Sex…In the Beginning

Double Mitzvah Jewrotica Parsha

Written by Sender Rozesz. Sender Rozesz is a practicing attorney with a background in Jewish pluralistic education for adults. The views reflected in his columns represent his own personal views, and are not intended to reflect the views of any organizations, institutes or associations with whom he may be affiliated. For more Double Mitzvahs by Sender Rozesz, check out A Woman’s Vow, Sexual Motive, Choose Your Own Spouse, The Post-Honeymoon Journey, A Wise and Understanding People, The Blessing of Fertility, Abominations, Coitus Interruptus, Sexual Struggles,The Unspeakable Language of Passion, Cut vs. Uncut, The Silence of Bitterness, Sex and the Holiest Day of the Year, and Shifting Beds and Sex in the Sukkah.
Rated PG-13

Sex: the most powerful of all human forces. It creates and topples careers. It spawns the next generation for all of eternity. It expresses the deepest love and joy, and inspires the most virulent hatred and enduring pain. It can be experienced in groups or solo; it can be a soothing relief or an all-consuming fire.
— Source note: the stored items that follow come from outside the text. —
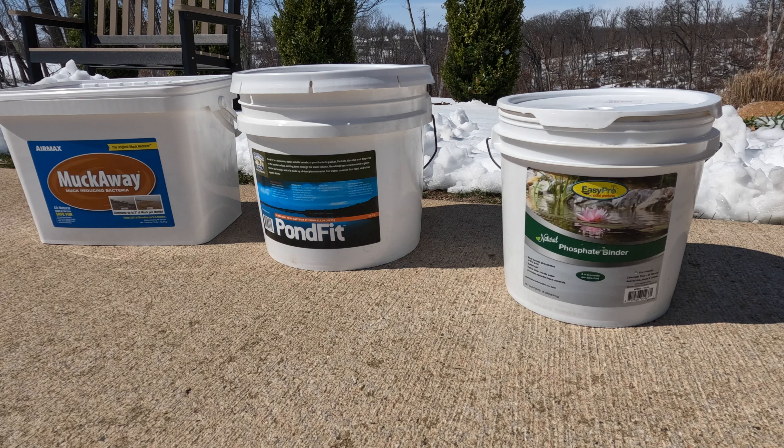Alright, that's step one — we've applied the phosphate binder, the first application. As the water temperature rises above 50 degrees, we're going to start the pond bacteria (beneficial bacteria application every two to four weeks), and the muckaway tablets to break down the sludge further. As part of our algae treatment plan, we'll also use algaecide as necessary, along with mechanical removal of algae mats, leaves, and debris. Follow our channel to see the progress — hopefully this has been helpful. Give it a like and we'll see you on the next one.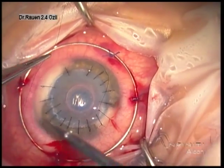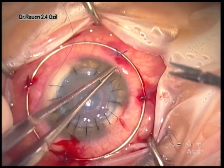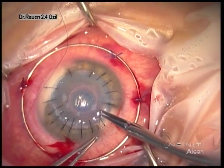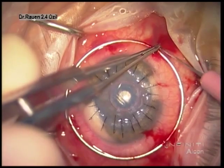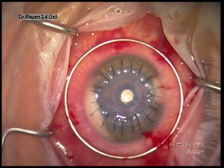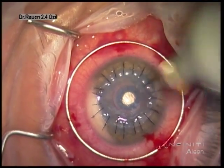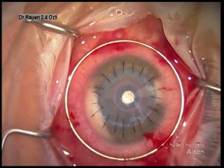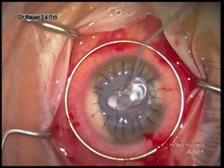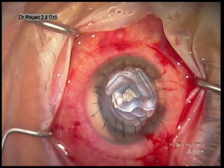At this point most of the suturing has been completed. Of course, all knots would be buried. To conclude the case, we remove the stabilization ring and place ointment on the surface of the eye. Again, this is a very rewarding technique as it avoids the issues of endothelial rejection and allows patients to get off drops much earlier. Thank you for your attention.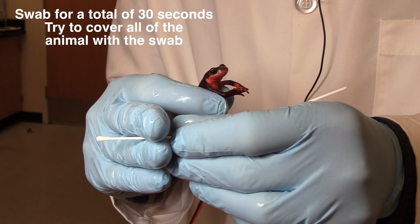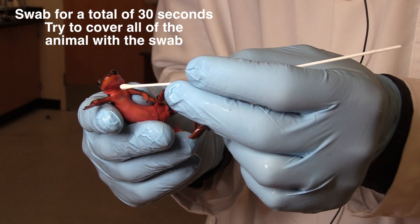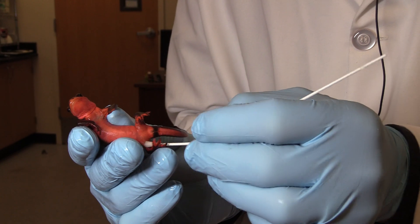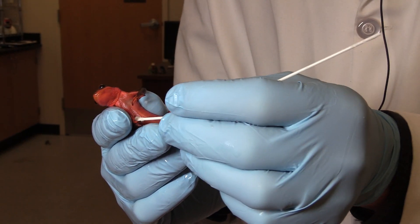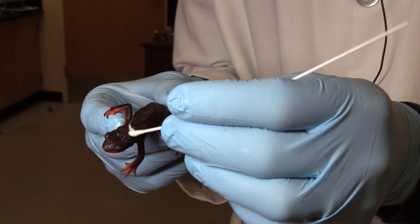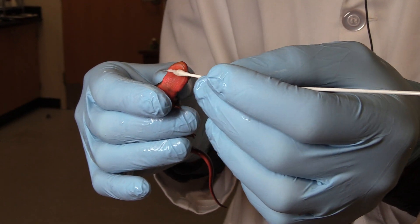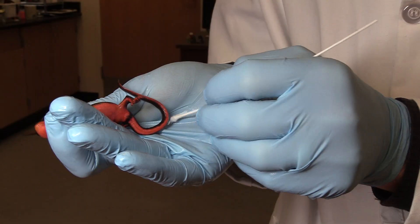The protocol calls for swabbing him for 30 seconds. I'm going to try to hit all of his body as I do it. I want to do it hard enough to actually pick up those bacteria or fungi that live there, but soft enough where I don't hurt the animal. I'm going to try to get through the vent area, as well as all through his little digits, the top of the body and the bottom. Notice how rough he is up here. It's okay if that swab comes undone a little bit. I also want to get up around the face and the nares — be really gentle there. The sides, and I'm also going to get the tail.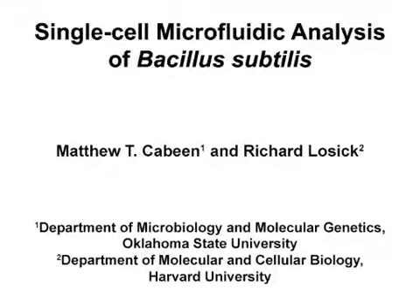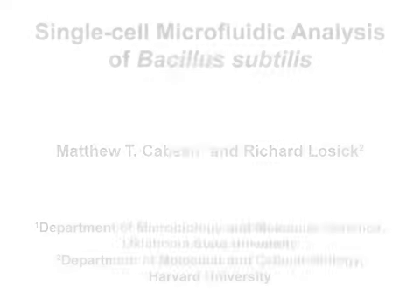The overall goal of this microfluidic experimental setup is to enable the long-term observation of individual bacterial cells under constant, highly controlled environmental conditions. This method can help answer key questions in the bacterial physiology field, such as what are the long-term response patterns of individual cells to stress, or how does a heterogeneous phenotype across a population vary with time.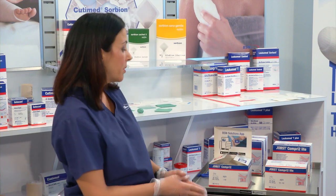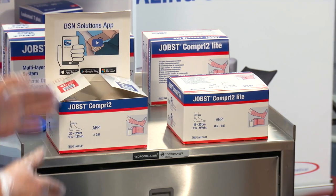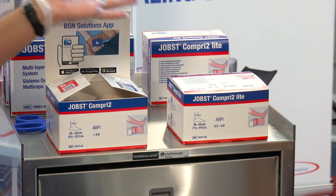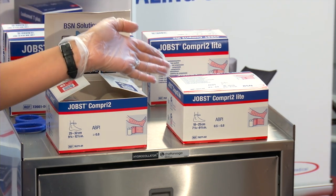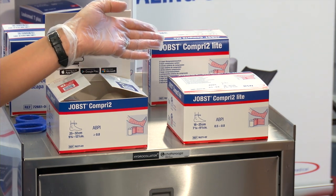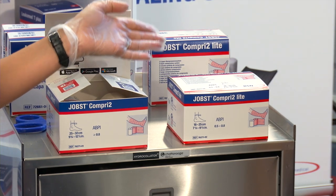Jop's Compr2 comes in two compression classes. Jop's Compr2 delivers 40 millimeters of pressure and is used for patients with an ABI of 0.8 or greater. Jop's Compr2 Lite is for patients with mixed disease, delivers 20 to 30 millimeters of pressure, and is for patients with ABIs of 0.5 to 0.8.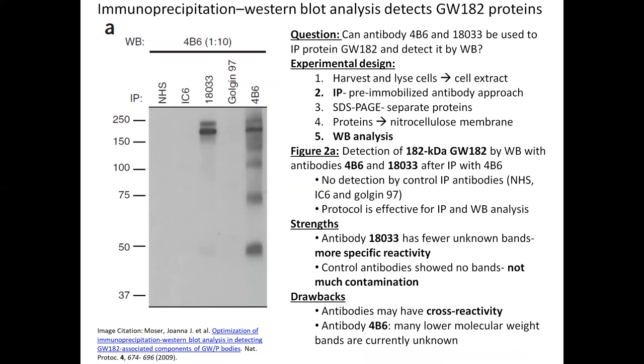My figure came from a journal article called "Optimization of Immunoprecipitation Western Blot Analysis in Detecting GW182 Associated Components of GW Bodies." The GW182 protein is involved in messenger RNA processing and degradation. The researchers wanted to know if antibodies 4B6 and 18033 could be used to immunoprecipitate protein GW182 and detect it with western blotting.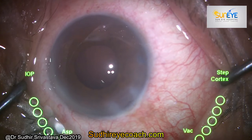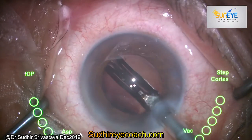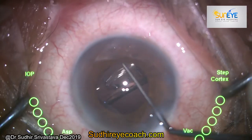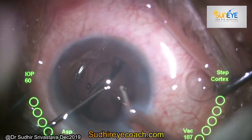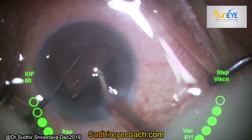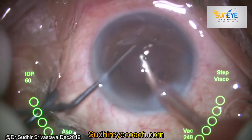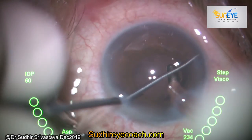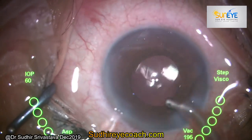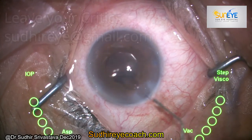Wash the posterior capsule with the hydrojet technique to polish the remaining cells and fibers, and now the eye is ready for implantation. I implanted a single-piece hydrophobic IOL in the bag. You can do cortical cleanup, go underneath the lens, remove all viscoelastic, and place the IOL in the bag. Wash the viscoelastic thoroughly from the anterior chamber at all angles and over the lens, then hydrate the wound and your surgery is complete. Please leave comments if you want any further improvements.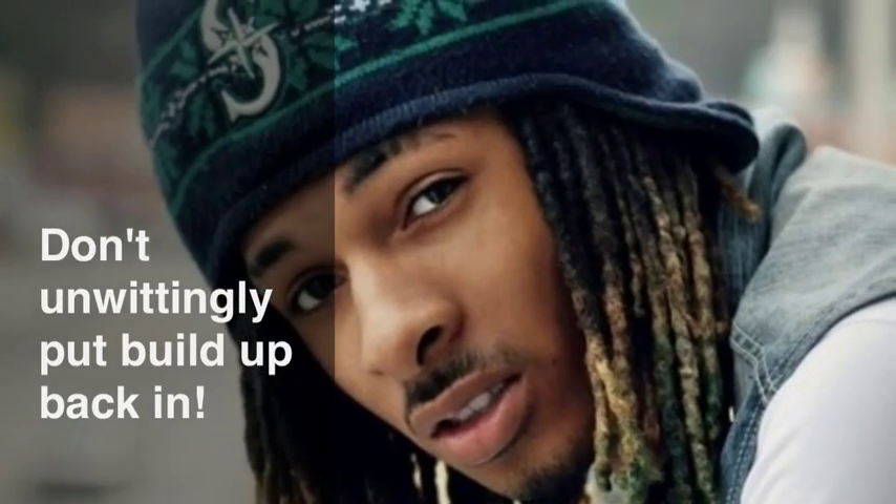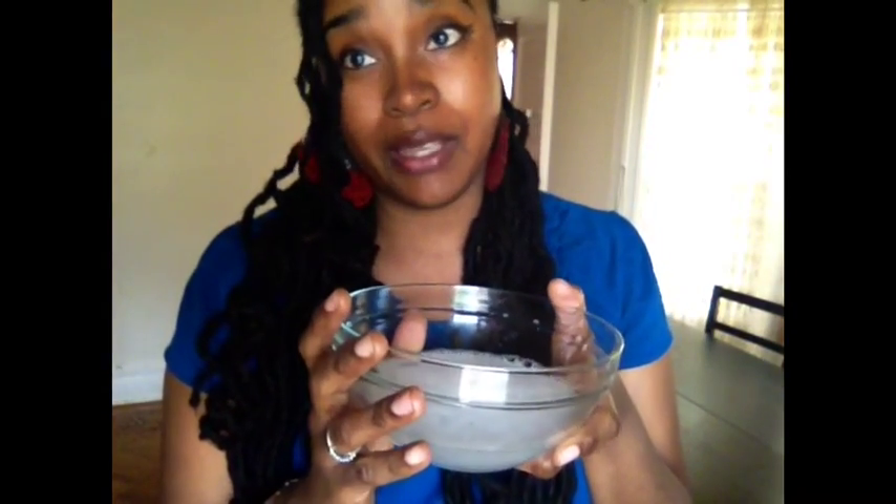Next, you're going to combine equal parts of your favorite moisturizing conditioner with your favorite protein conditioner. Put both of those together in a very watery consistency — it should look something like this. It has to be thin enough to penetrate the locks to the core to do the job. By the way, you want your shampoo to be this consistency also, because you don't want to put back in additional build-up from your shampoo because it's too thick.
What are its origins? When and how did it start? Is it a well of raw energy that we simply stumbled into, or is it programmed into us, with a set of predetermined roles and standards?

No idea. I’m just a weekly columnist. But perhaps this week’s Parsha, B’reishit – the first portion of the Torah, and the creation of the world – will prove enlightening.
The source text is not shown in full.